Ma vie, souvenirs, rêves et pensées. Traduit de l’allemand par Roland Cahen et Yves Lelay, Paris, Gallimard, 1966, p. 200-201.




Découverte des archétypes

Les gisants

À cette époque, l’une de ces imaginations, effrayante, me revint à plusieurs reprises : il y avait quelque chose de mort qui vivait encore. Par exemple, on plaçait des cadavres dans des fours crématoires, et l’on découvrait alors qu’ils montraient encore des signes de vie. Ces imaginations atteignirent à la fois leur point culminant et leur aboutissement dans un rêve.

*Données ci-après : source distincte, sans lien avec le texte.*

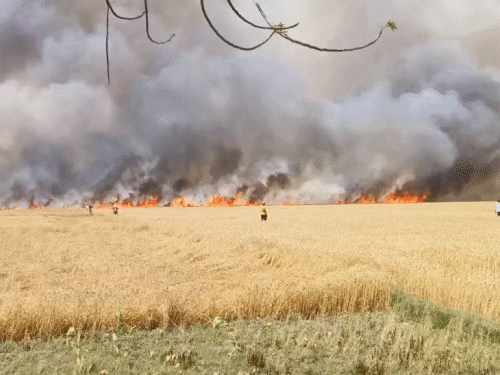 आग का कहर।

J’étais dans une région qui me rappelait les Alyscamps près d’Arles. Il y a là une allée de sarcophages qui remonte à l’époque des Mérovingiens. Dans le rêve, je venais de la direction de la ville et voyais devant moi une allée semblable à celle des Alyscamps bordée de toute une rangée de tombes. C’étaient des socles surmontés de dalles de pierre sur lesquelles reposaient les morts. Ils gisaient là, revêtus de leurs costumes anciens, les mains jointes sur la poitrine, tels les chevaliers des vieilles chapelles mortuaires dans leurs armures, à la seule différence que dans mon rêve les morts n’étaient pas de pierre taillée, mais momifiés de singulière façon. Je m’arrêtai devant la première tombe et considérai le mort. C’était un personnage des années 1830. Intéressé, je regardai ses vêtements. Soudain, il se mit à bouger et revint à la vie. Ses mains se séparèrent, et je savais que cela n’avait lieu que parce que je le regardais. Avec un sentiment de malaise je continuai mon chemin et parvins à un autre mort qui appartenait au XVIIIe siècle. Là, il se produisit la même chose; alors que je le regardais, il redevint vivant et remua les mains. Je parcourus comme cela toute la file, jusqu’à ce que j’eusse atteint pour ainsi dire le XIIe siècle; le mort dont il s’agissait était un croisé qui reposait dans une cotte de mailles, et qui avait également les mains jointes. Son corps semblait sculpté dans du bois. Je le contemplai longuement, convaincu qu’il était réellement mort. Mais soudain, je vis que l’un des doigts de sa main gauche commençait doucement à s’animer.